Suncorp Group has reported a net profit of $530 million for the six months to December 31, down 16% on the previous corresponding period.

The general insurance division took an even bigger hit – with net profit down 29% to $297 million.

A spike in working claims costs in the home and motor segments – with a combined impact of $95 million – and large claims in commercial insurance ($22 million) took a heavy toll.

Rising natural hazard claims and poor investment returns also had “material impacts” on performance.

Natural hazard costs were $362 million, $28 million above the allowance, and total investment income of $133 million represented an annualised return of only 2.2%.

These and other constraints on the bottom line – such as the falling dollar – resulted in a substantially weakened underlying insurance trading ratio for the general insurance division: 10.1% in the half-year, down from 14.8% in the previous corresponding period.

CEO Michael Cameron says operational issues also contributed to the cost of claims, including changes in technology and operational structures.

He says reversing the rising cost of personal insurance claims is a “code red” priority.

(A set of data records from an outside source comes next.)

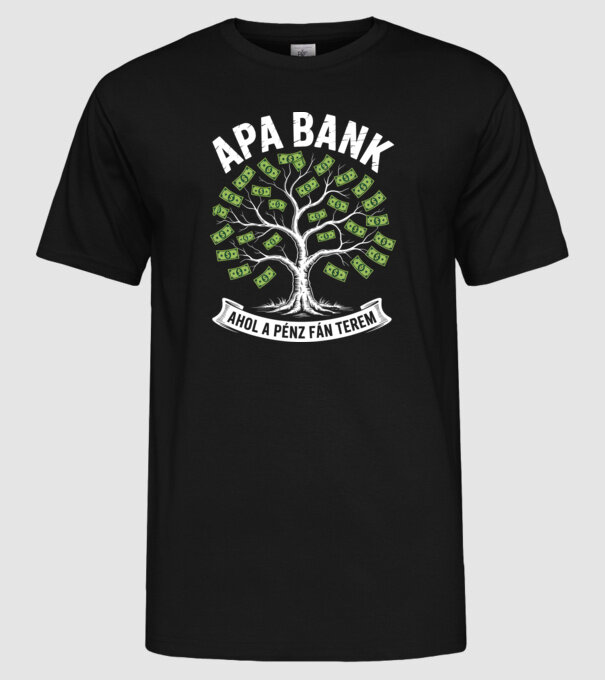 Apa Bank minta fekete pólón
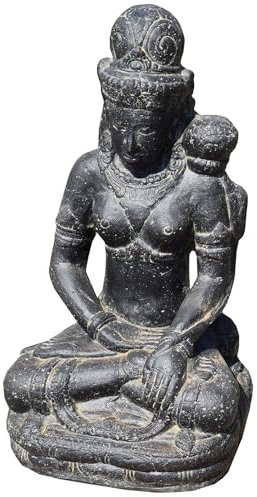 Teako Design Stonox Stein Skulptur Sitzende Göttin Agartala, Frostbeständige Gartenstatue, Spirituelle Steinskulptur für Haus und Garten, Wetterfest, für Gartenbereich geeignet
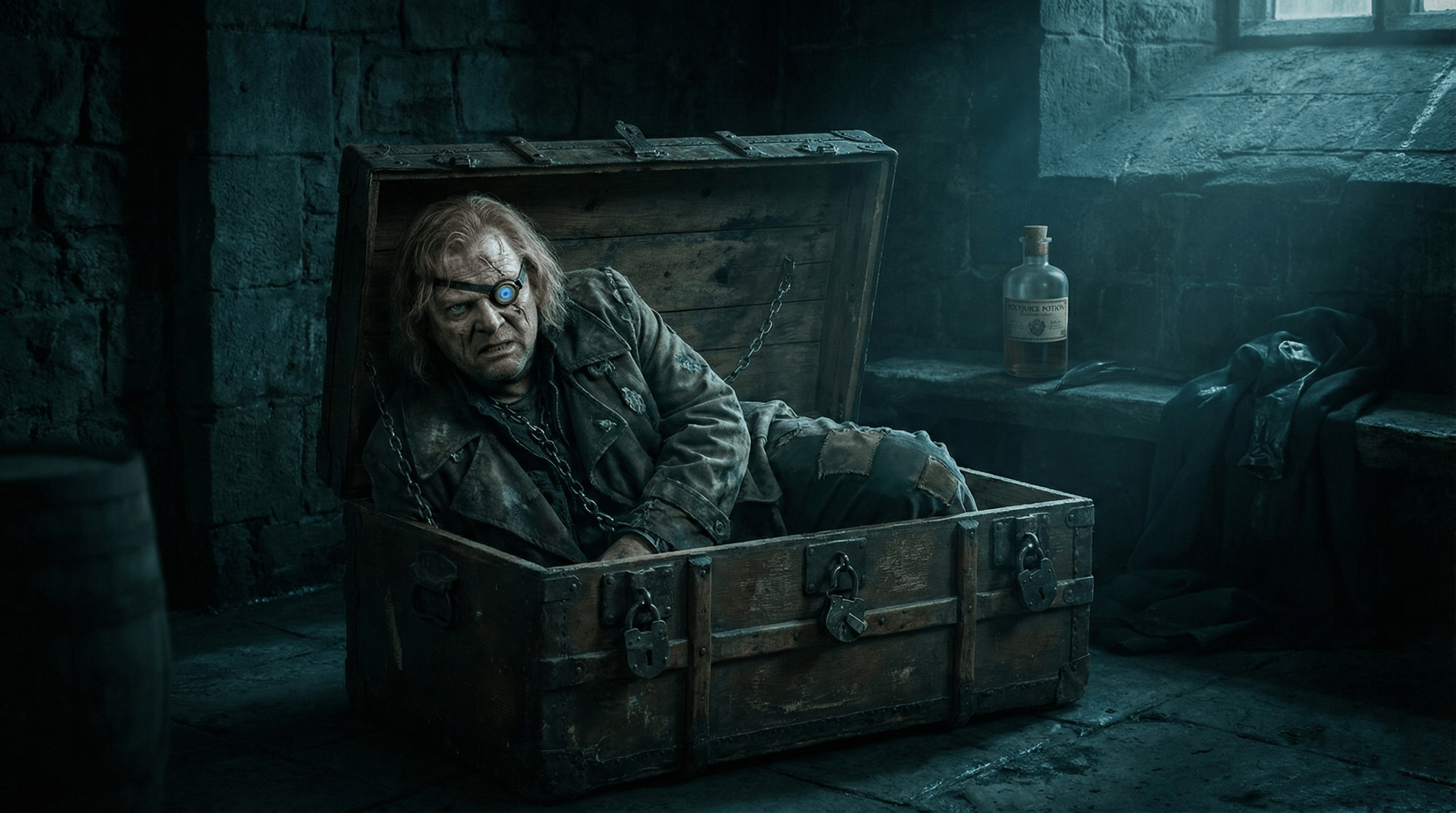The real Alastor Moody imprisoned in the magical trunk by Barty Crouch Jr. during the impersonation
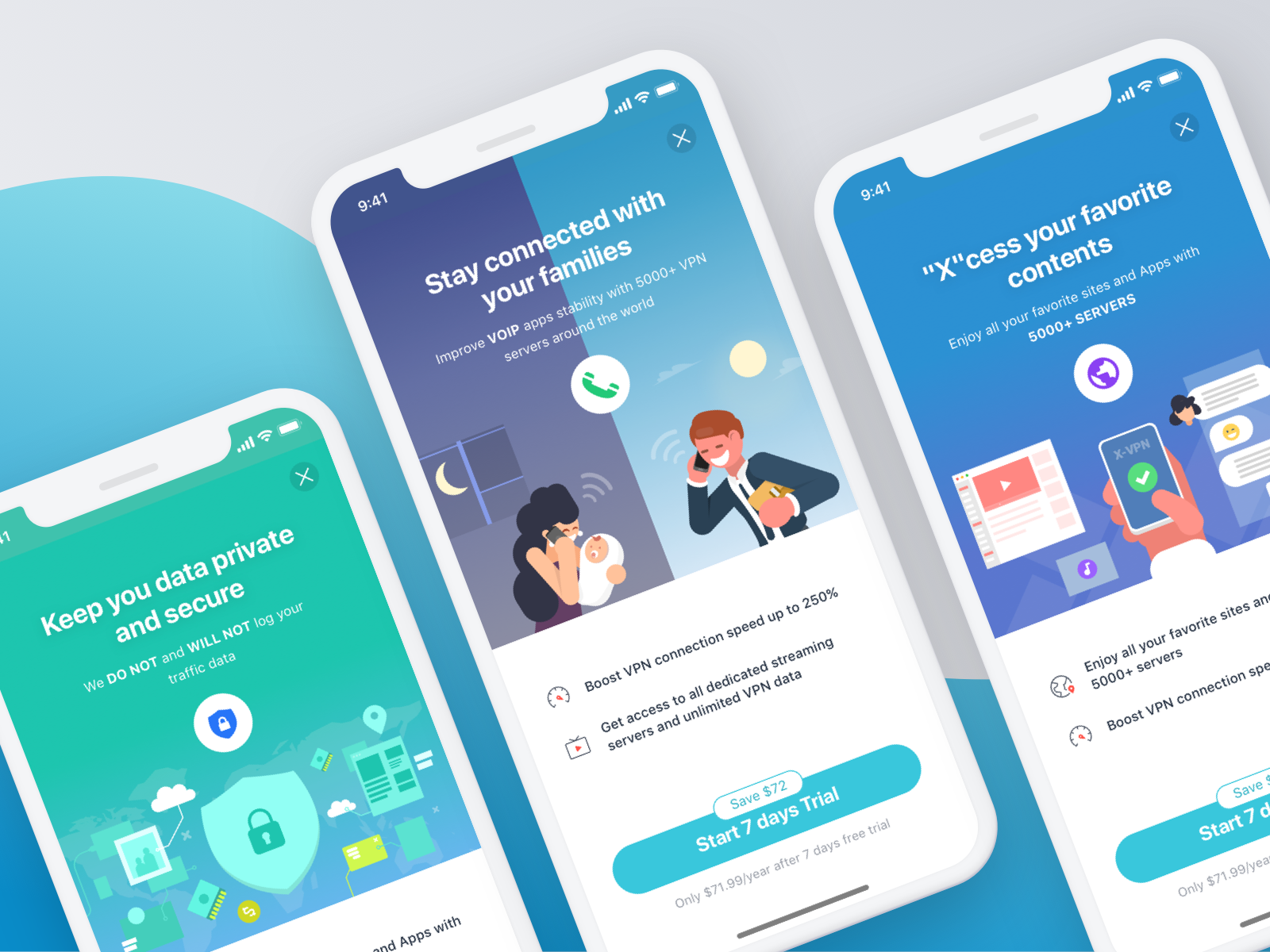 X-VPN Guide Page guide illustration ui x-vpn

“We have moved quickly with an intervention strategy to restore performance. We are using data intelligence to better understand the causes of the increased costs and to design solutions.

“We have also reviewed our pricing and our policy coverage.”

Mr Cameron says despite “aggressive market competition”, personal insurance gross written premium (GWP) returned to growth (up 0.6%) and commercial insurance GWP gained 2.2%.

Australian Commercial Insurance CEO Anthony Day says the division is maintaining profitability in a competitive market, despite “numerous natural hazards and recurring investment volatility”.

“We have a positive outlook for future profitable growth, particularly by leveraging our strong position in the statutory business,” he said.

“We continue to place strong focus on maintaining underwriting discipline in a competitive market.”

“We are delivering on our growth commitment through improvements in customer service, distribution and simplification. All these will drive better customer retention and new business growth.

The compulsory third party (CTP) area remains consistently profitable, and Mr Day says he expects Suncorp’s processes and expertise to give it a “tangible competitive advantage” when it enters the privatised CTP scheme in SA from July 1.

“We aim to help our customers prosper, providing them with protection for their assets and livelihoods,” he said. “This is most evident following major weather events, such as those we’ve experienced recently.

“These events continue to highlight the importance of our broker relationships and ensuring we’ve got local knowledge on the ground.”

Chairman Ziggy Switkowski agrees that given a difficult market, Suncorp has reason to be optimistic.

He believes the result “demonstrates the benefits of [being] a financial services conglomerate”.

While general insurance earnings took a hit from “external headwinds and operational issues”, Dr Switkowski says banking and life insurance delivered improved underlying profits.

Across the Tasman, Suncorp’s New Zealand general insurance business – which consists of Vero New Zealand and AA Insurance – contributed an insurance trading result of $NZ83 million ($78 million) for the half-year. GWP grew 2.7%.

Ratings agency Standard & Poor’s says Suncorp’s A+ stable rating is unaffected by the weaker half-year result, noting it is “broadly in line with our medium-term expectations”.